Doug Gwyn's comments are very well taken indeed and I heartily agree.

I've worked on international software for some while now (dating back
to a thesis I wrote on the topic of computers handling the Japanese
and Chinese languages) and the Danish proposal is needless and not
useful even in their peculiar environment.  There are other reasonable
approaches to handling their environment that would not place the undue
burden that the Danish proposal constitutes.

I share the concern about the lack of library support for wide characters.
I'm not sure that there is sufficient existing practice in the area to
really warrant changing the standard.  If changes do come to pass at the
ISO level to add additional wchar_t library support, I agree that such
changes should be in a separate wide character library(libraries) and be
made in a manner consistent to and conforming with the existing ANSI standard.

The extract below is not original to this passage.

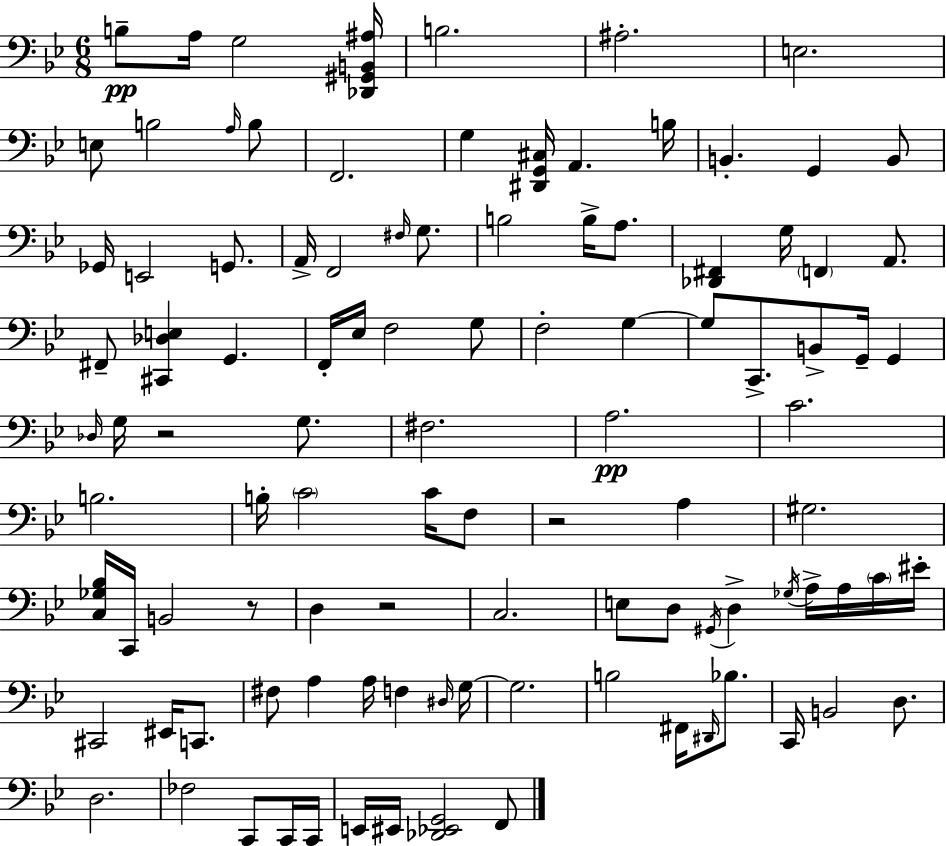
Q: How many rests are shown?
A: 4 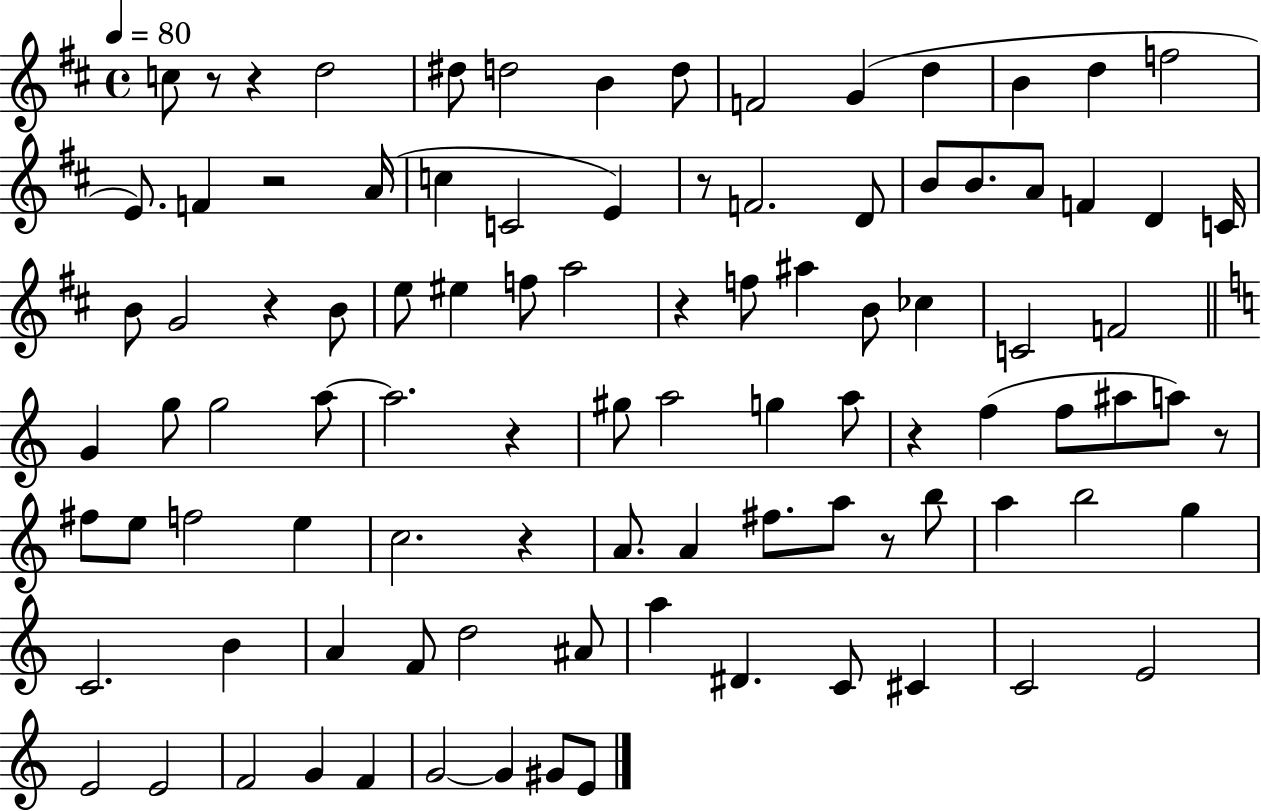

I am also concerned because there are at least two different standards
for the size of character sets larger than 8 bits (in particular there
are different groups working on both 16-bit standards and 32-bit standards).
The 16-bit vs. 32-bit problem I believe to be inappropriate to try to resolve
at this time.  I do rather wish that the committee had gone with 
'long char' rather than wchar_t, but I can live with the decision already
made.

Randall Atkinson
randall at virginia.edu

Opinions are solely those of the author.